■ WHAT IS EXPECTED ■
Reproduce the listing below exactly, minus its pictures.

Segment Start: DATA EXCERPT

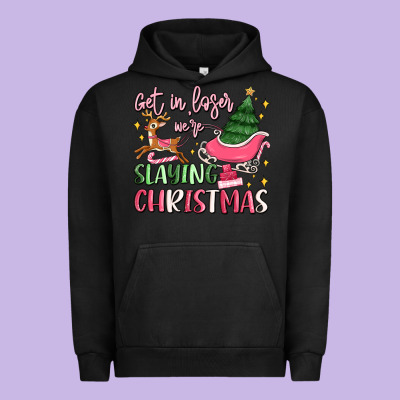 Get In Loser We're Slaying Christmas Urban Hoodie Designed By Maliassmallbusiness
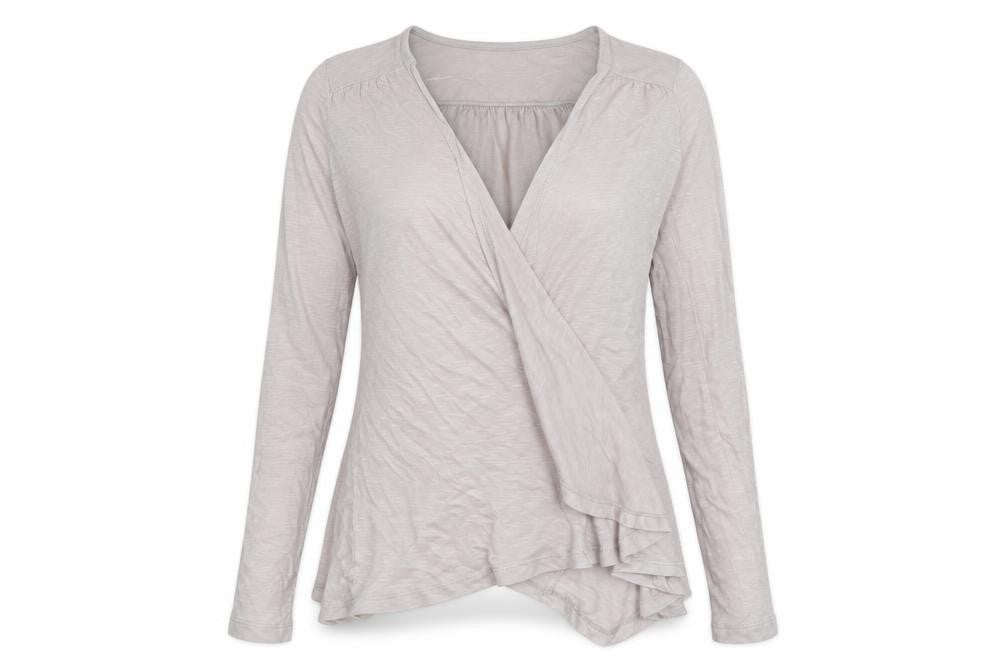 Front view of Atmosphere women’s grey cardigan jumper, size UK 12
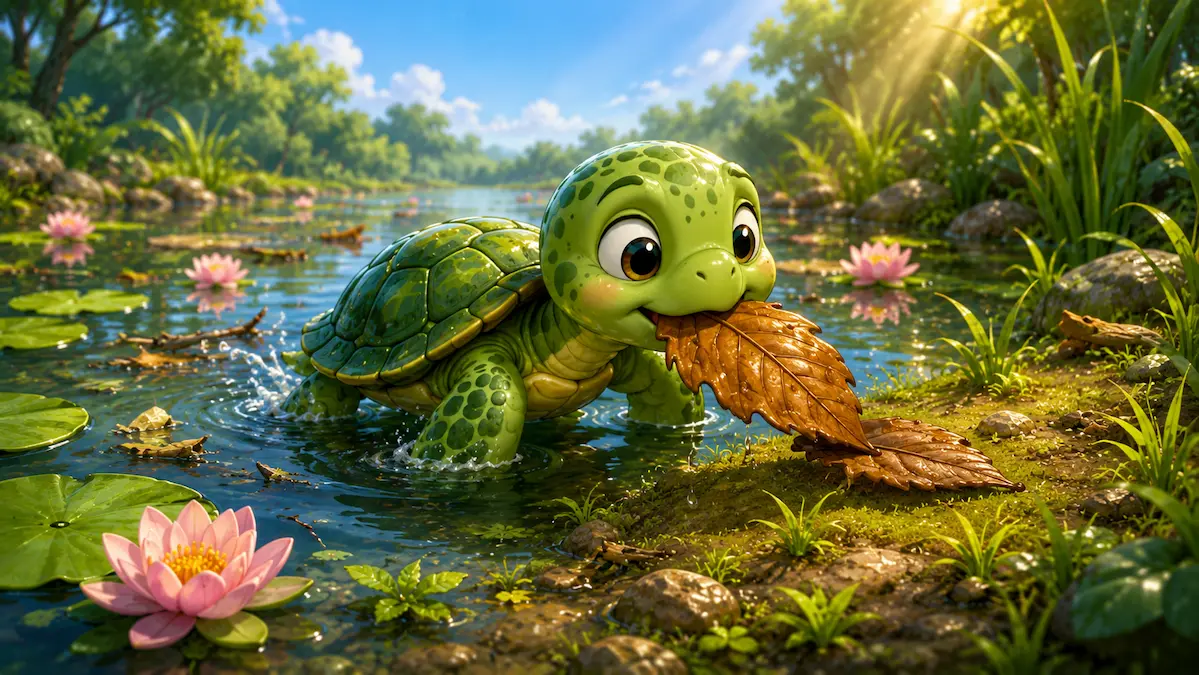 Toby the Turtle carrying a large brown leaf from the pond to the grassy shore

Segment End: DATA EXCERPT

■ RESPONSE TO THE TASK ■
 Get In Loser We're Slaying Christmas Urban Hoodie Designed By Maliassmallbusiness
 Front view of Atmosphere women’s grey cardigan jumper, size UK 12
 Toby the Turtle carrying a large brown leaf from the pond to the grassy shore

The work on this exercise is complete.